The globoesporte
spider is a web scraping tool built using Scrapy and Selenium to extract sports news articles from ge.globo.com. It navigates through the website, extracts article details, and stores the data for further analysis or processing.
- Clone this repository to your local machine:
git clone https://github.com/gabriel-nds/WebScrapingGloboEsporte.git
cd WebScrapingGloboEsporte
- Create a virtual environment (recommended) and activate it:
python -m venv venv
source venv/bin/activate # On Windows, use "venv\Scripts\activate"

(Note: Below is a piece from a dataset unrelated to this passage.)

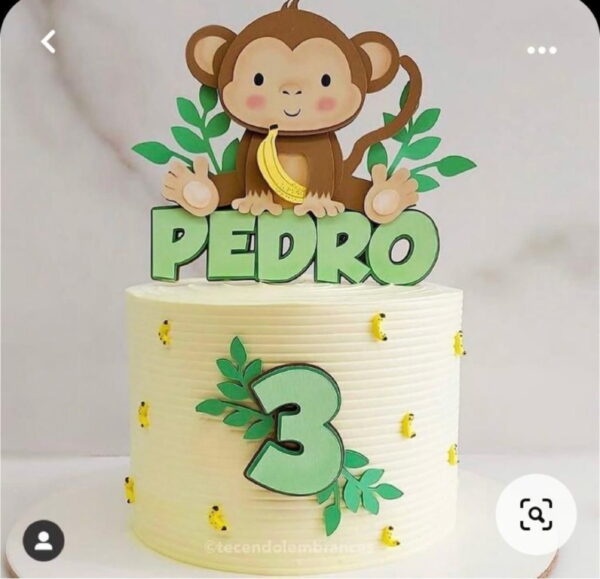 Arquivo Studio Topo de Bolo Macaco com Banana em Camadas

- Install the required dependencies using the requirements.txt:
pip install -r requirements.txt
To run the globoesporte spider and extract sports news articles, execute the following command to extracted and save the data in a json file:
scrapy crawl globoesporte -o choose_name.json
The spider will start scraping data from ge.globo.com, and the extracted information will be displayed in the console. For more advanced data handling, the spider uses two pipelines to store the data in different databases (SQLite3 and MongoDB).
If you want to adjust the cutoff date (number of days) for filtering articles, you can do the following:
In the parse_article method, you can adjust the cutoff date setting. For example, if you want to extract news from the last 5 days:
cutoff_date = datetime.now() - timedelta(days=5)
The GloboesporteSpider class is the main spider responsible for crawling ge.globo.com and extracting article details. It has the following attributes:
Certain websites load their content dynamically using JavaScript, making it challenging for Scrapy alone to access the desired data. In such cases, we explore the use of Selenium. Selenium allows us to automate a web browser, enabling us to interact with dynamic elements. The spider uses Selenium to scroll through the main page and extract URLs of individual articles. It then follows each URL and calls the parse_article method to extract detailed information from each article.
In this project, we make use of Selenium Manager, a tool that automates the process of managing browser drivers for Selenium. This streamlines the compatibility between browsers and their corresponding drivers, ensuring smooth execution of our web scraping tasks.
-
Browser Version Detection: Selenium Manager identifies the version of the browser installed on the machine where the scripts are run.
-
Driver Version Resolution: Once the browser version is known, Selenium Manager selects the appropriate version of the chromedriver based on online metadata maintained by browser vendors.
-
Driver Download: After identifying the correct driver version, Selenium Manager downloads the driver artifact, uncompresses it, and stores it locally.
-
Driver Cache: Uncompressed driver binaries are cached locally (~/.cache/selenium). This speeds up future test runs as cached drivers are reused.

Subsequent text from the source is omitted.